Task prompt: May I have the line containing "16th day of" and every line after it through the end of the data, repeated exactly and with no other lines?

_ _ _

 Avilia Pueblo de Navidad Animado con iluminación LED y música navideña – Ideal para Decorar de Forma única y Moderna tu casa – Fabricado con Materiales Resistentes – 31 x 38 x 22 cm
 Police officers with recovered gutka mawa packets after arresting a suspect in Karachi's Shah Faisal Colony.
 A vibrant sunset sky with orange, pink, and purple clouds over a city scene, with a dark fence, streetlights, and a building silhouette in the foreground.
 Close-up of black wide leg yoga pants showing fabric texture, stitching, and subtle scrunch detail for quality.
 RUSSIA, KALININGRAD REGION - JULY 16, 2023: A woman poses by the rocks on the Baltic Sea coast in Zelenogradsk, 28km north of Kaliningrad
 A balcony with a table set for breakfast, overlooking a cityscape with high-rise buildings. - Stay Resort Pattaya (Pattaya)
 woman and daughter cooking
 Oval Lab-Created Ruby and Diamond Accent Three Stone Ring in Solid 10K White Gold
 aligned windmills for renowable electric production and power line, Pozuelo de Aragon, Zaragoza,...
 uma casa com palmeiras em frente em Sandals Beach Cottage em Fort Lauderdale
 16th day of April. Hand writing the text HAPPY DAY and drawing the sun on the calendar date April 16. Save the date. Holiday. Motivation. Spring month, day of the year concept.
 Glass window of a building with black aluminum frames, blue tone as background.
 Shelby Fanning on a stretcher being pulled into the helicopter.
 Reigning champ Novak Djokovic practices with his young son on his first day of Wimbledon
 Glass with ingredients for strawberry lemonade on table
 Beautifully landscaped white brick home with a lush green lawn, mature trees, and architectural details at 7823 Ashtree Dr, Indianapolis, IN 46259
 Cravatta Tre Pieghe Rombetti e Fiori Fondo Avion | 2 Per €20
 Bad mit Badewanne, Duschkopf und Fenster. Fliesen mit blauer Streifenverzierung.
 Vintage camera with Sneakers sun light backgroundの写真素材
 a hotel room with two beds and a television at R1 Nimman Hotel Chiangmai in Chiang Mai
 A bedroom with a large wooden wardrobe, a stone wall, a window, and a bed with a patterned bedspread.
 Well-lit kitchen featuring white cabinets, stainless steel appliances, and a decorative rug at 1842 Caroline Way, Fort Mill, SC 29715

_ _ _

Response to this exercise:
 16th day of April. Hand writing the text HAPPY DAY and drawing the sun on the calendar date April 16. Save the date. Holiday. Motivation. Spring month, day of the year concept.
 Glass window of a building with black aluminum frames, blue tone as background.
 Shelby Fanning on a stretcher being pulled into the helicopter.
 Reigning champ Novak Djokovic practices with his young son on his first day of Wimbledon
 Glass with ingredients for strawberry lemonade on table
 Beautifully landscaped white brick home with a lush green lawn, mature trees, and architectural details at 7823 Ashtree Dr, Indianapolis, IN 46259
 Cravatta Tre Pieghe Rombetti e Fiori Fondo Avion | 2 Per €20
 Bad mit Badewanne, Duschkopf und Fenster. Fliesen mit blauer Streifenverzierung.
 Vintage camera with Sneakers sun light backgroundの写真素材
 a hotel room with two beds and a television at R1 Nimman Hotel Chiangmai in Chiang Mai
 A bedroom with a large wooden wardrobe, a stone wall, a window, and a bed with a patterned bedspread.
 Well-lit kitchen featuring white cabinets, stainless steel appliances, and a decorative rug at 1842 Caroline Way, Fort Mill, SC 29715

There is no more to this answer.